You may add \s* at the end to handle optional trailing white space.

-W

> The first one looks for title or upper case words and the second just one
word.
>
>
> I see now from the profileroutput makes that clear given that
>
> >s # # # # # #> > >99.83 % - 14026 ms - 99.67 % - 1 inv. function-call
(name="matches")
>
> Takes so long and the calls below it take so little time.
>
>
> > > >99.92 % - 3 ms - 0.03 % - 1 inv. xsl:template (match="chunk")
> >s> > >99.89 % - 0 ms - 0.0 % - 1 inv. let (name="title")
> >s #> > >99.89 % - 0 ms - 0.0 % - 1 inv. let
(name="titleBraketedTextRemoved")
> >s # #> > >99.89 % - 2 ms - 0.02 % - 1 inv. let (name="titleNumberRemoved")

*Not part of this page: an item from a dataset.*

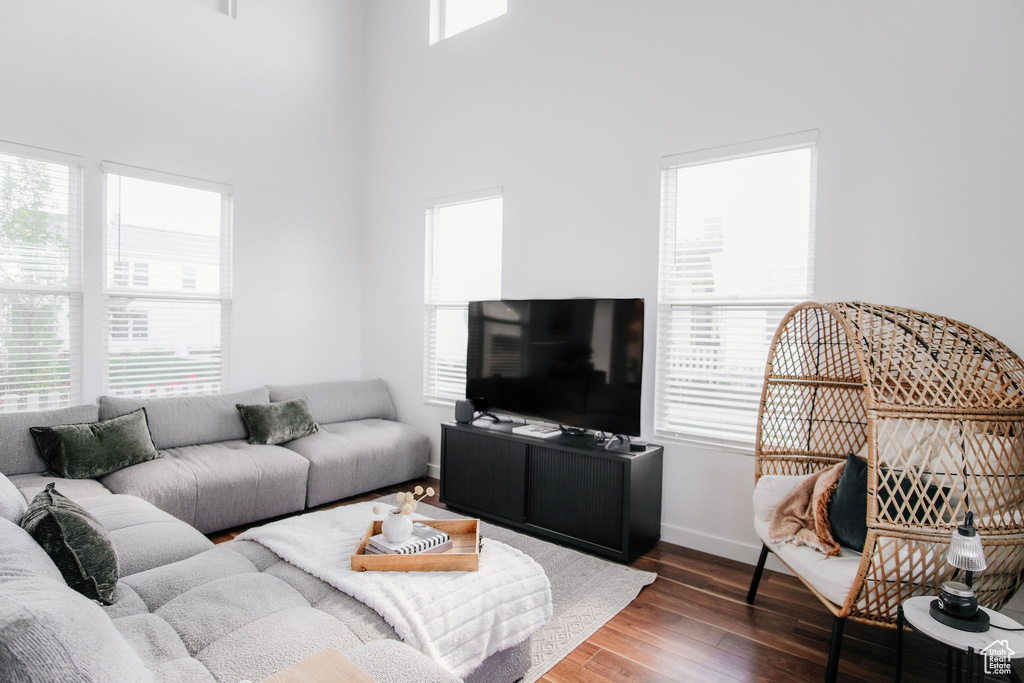 5269 W BIG SUR DR South Jordan, UT 84009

> >s # # #> > >99.86 % - 0 ms - 0.0 % - 1 inv. let
(name="titleStripPunctuation")
> >s # # # #> > >99.86 % - 0 ms - 0.0 % - 1 inv. let
(name="titleStopWordsRemoved")
> >s # # # # #> > >99.86 % - 0 ms - 0.0 % - 1 inv. xsl:choose
> >s # # # # # #> > >99.83 % - 14026 ms - 99.67 % - 1 inv. function-call
(name="matches")
> >s # # # # # # #> > >0.16 % - 0 ms - 0.0 % - 1 inv. function-call
(name="normalize-space")
> >s # # # # # # # #> > >0.16 % - 0 ms - 0.0 % - 1 inv. function-call
(name="mh:removeStopwords")
> >s # # # # # # # # #> > >0.15 % - 0 ms - 0.0 % - 1 inv. xsl:function
(name="mh:removeStopwords") (as="xs:string?")
> >s # # # # # # # # #> > >0.0 % - 0 ms - 0.0 % - 1 inv. function-call
(name="mh:stripPunctuation")
> >s # # # # # #> > >0.02 % - 0 ms - 0.01 % - 1 inv. noMatch
> >s # # # # # #> > >0.01 % - 0 ms - 0.0 % - 1 inv. function-call
(name="not")
> >s # # #> > >0.02 % - 0 ms - 0.0 % - 1 inv. function-call (name="replace")
> > > >0.03 % - 3 ms - 0.03 % - 1 inv. xsl:variable (name="stopwords")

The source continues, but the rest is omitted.